I really LOVE Cheetahs – Part3-Cheetah Breeding
The San Diego Wild Animal Park has discovered cheetah breeding to be a challenge, because the females do not show any obvious behaviors revealing their reproductive state. But they did find when males sniff areas where female cheetahs have been, they sometimes utter a unique call known as: the stutterbark. Males will emit this call again and again and again while they pace their enclosure and check out the female cheetahs in the nearby enclosures. When the females hear the calls, they don’t respond at first. But when they hear some of the males call, it seems to trigger their hormone system and turn on some special behaviors.

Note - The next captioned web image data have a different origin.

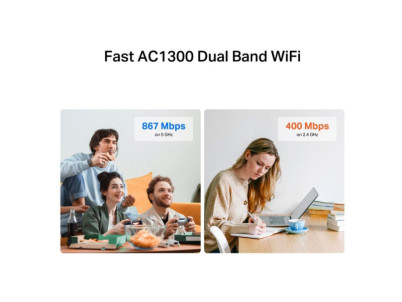MERCUSYS MA32H, AC1300 Wireless Dual Band USB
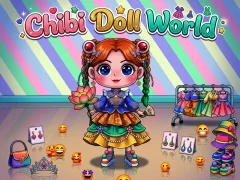 Peli Chibi Doll World verkossa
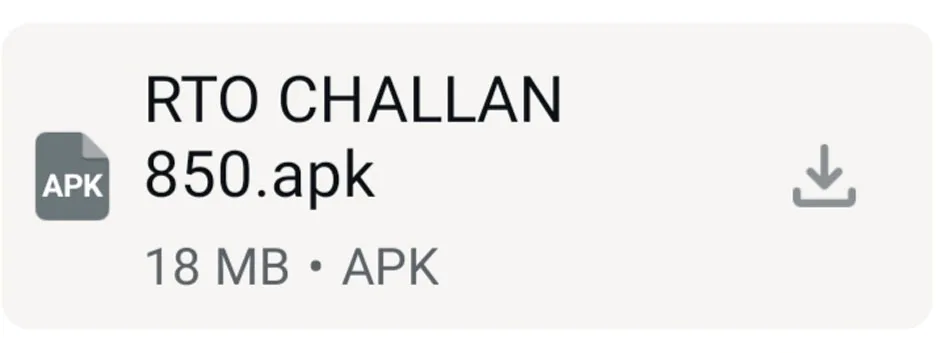 आरटीओ के चालान का खौफ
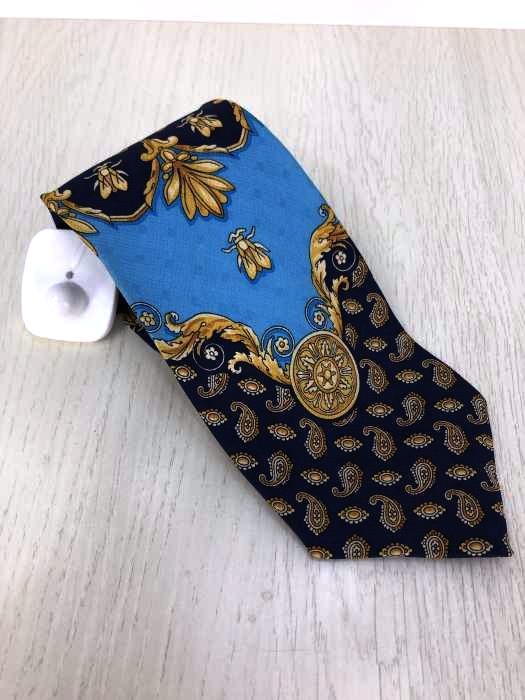 GIANNI VERSACE（ジャンニヴェルサーチ） 総柄　ネクタイ　総シルク メンズ ファッション雑貨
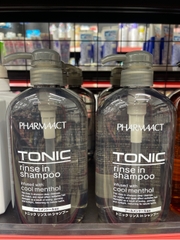 Dầu Gội Bạc Hà Dành Cho Nam Pharmaact Tonic - 550ml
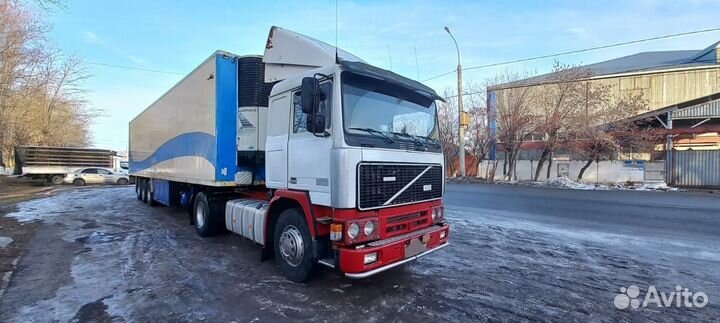 Volvo F12 с полуприцепом, 1987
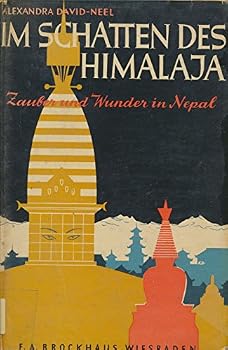 Hardcover Im Schatten des Himalaja. Zauber und Wunder in Nepal. [German] Book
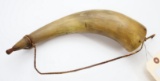 Antique Powder Horn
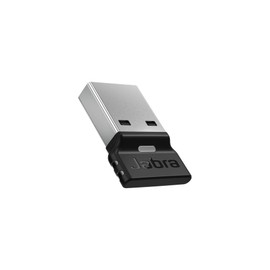 Jabra Link 390a MS Teams USB-A Bluetooth Adapter - Optimised Connection for Jabra Speak 2, Bluetooth 5.3, Plug and Play, 30 m Range
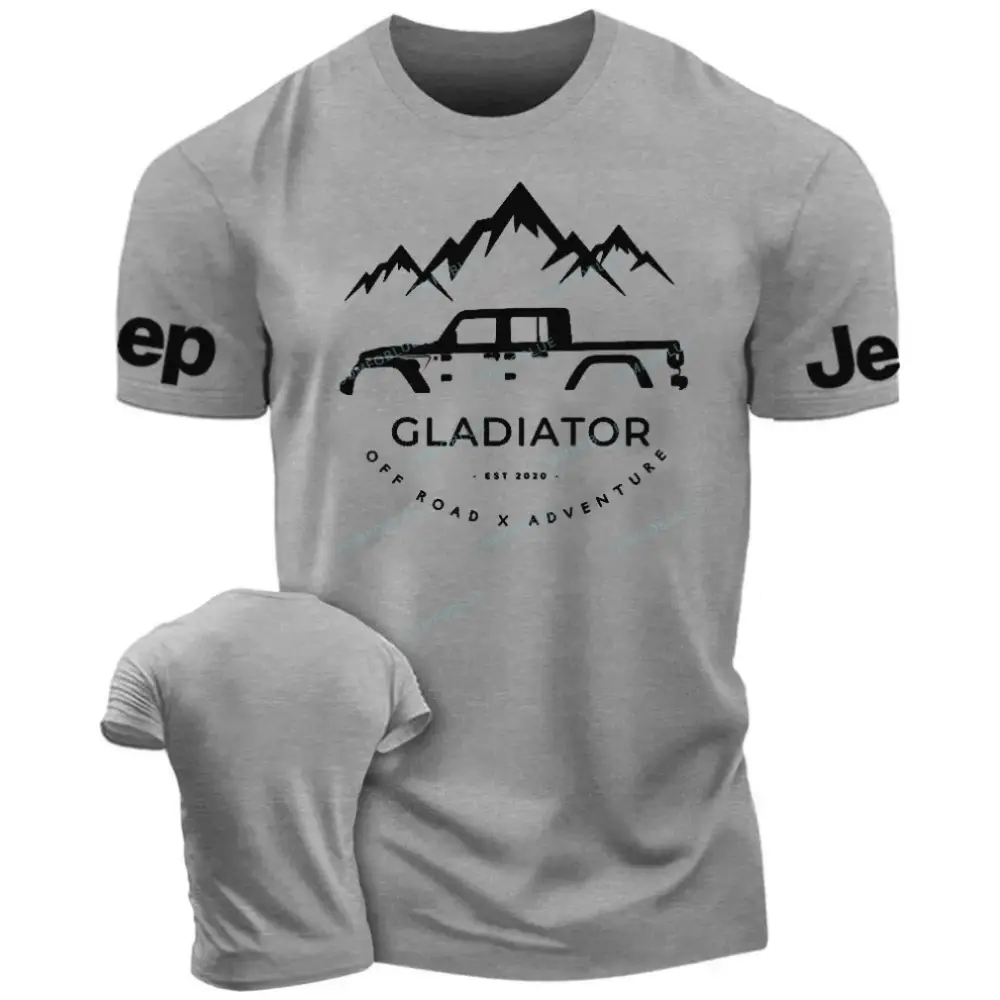 Gladiator 4x4 Off Road Adventure Unisex Jp T-shirt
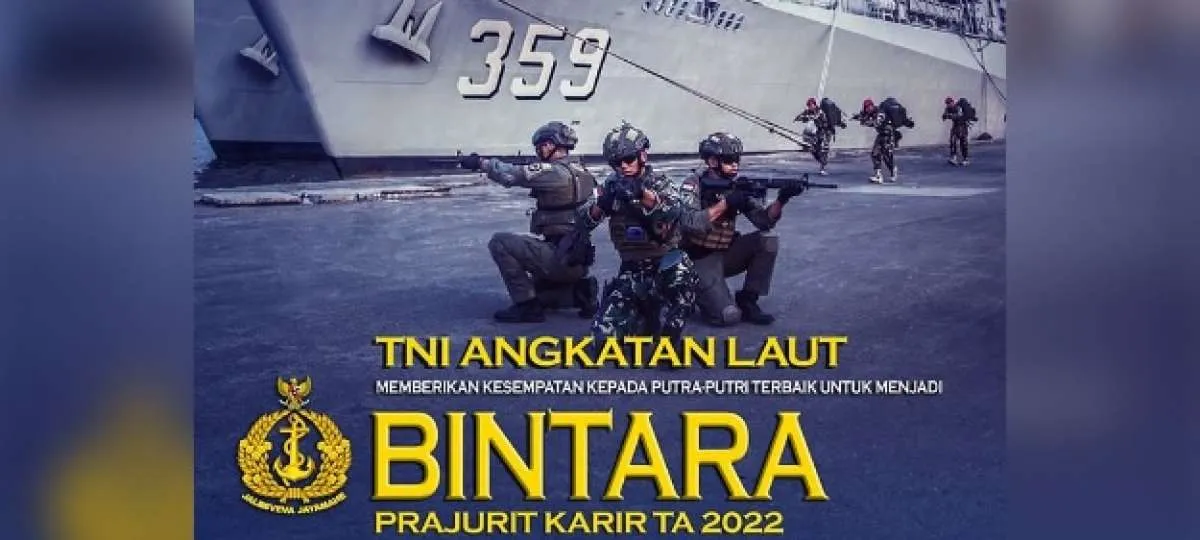 Pendaftaran Calon Bintara PK 2022 TNI AL Masih Dibuka, Cek Persyaratannya Ini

So they used some software to create a brand-new stutterbark that they played to the cheetahs at the Zoo’s Wild Animal Park research area. After hearing the sound of this “new male,” one of the cheetahs, Kenya, became very, very excited. She started rolling around in the grass on her back, lifted up her tail tip and wagged it, and seemed to be checking out the male cheetahs nearby. When she was placed with a male named Quando, the two of them proceeded to mate. This was good news and the first time that cheetah breeding had resulted from using a sound recording.
Afterwards, Kenya’s fecal samples were regularly checked for specific hormones to see if she was pregnant. Cheetahs are pregnant for about three months, and it looked like the breeding took. With great anticipation they monitored her reproductive state and hoped for a new cheetah cub or a litter of cubs, since cheetahs often have three to four babies at a time. Kenya did not disappoint. She produced a daughter, but because it was only a single baby, and her first cub, care-taking was a bit of a problem.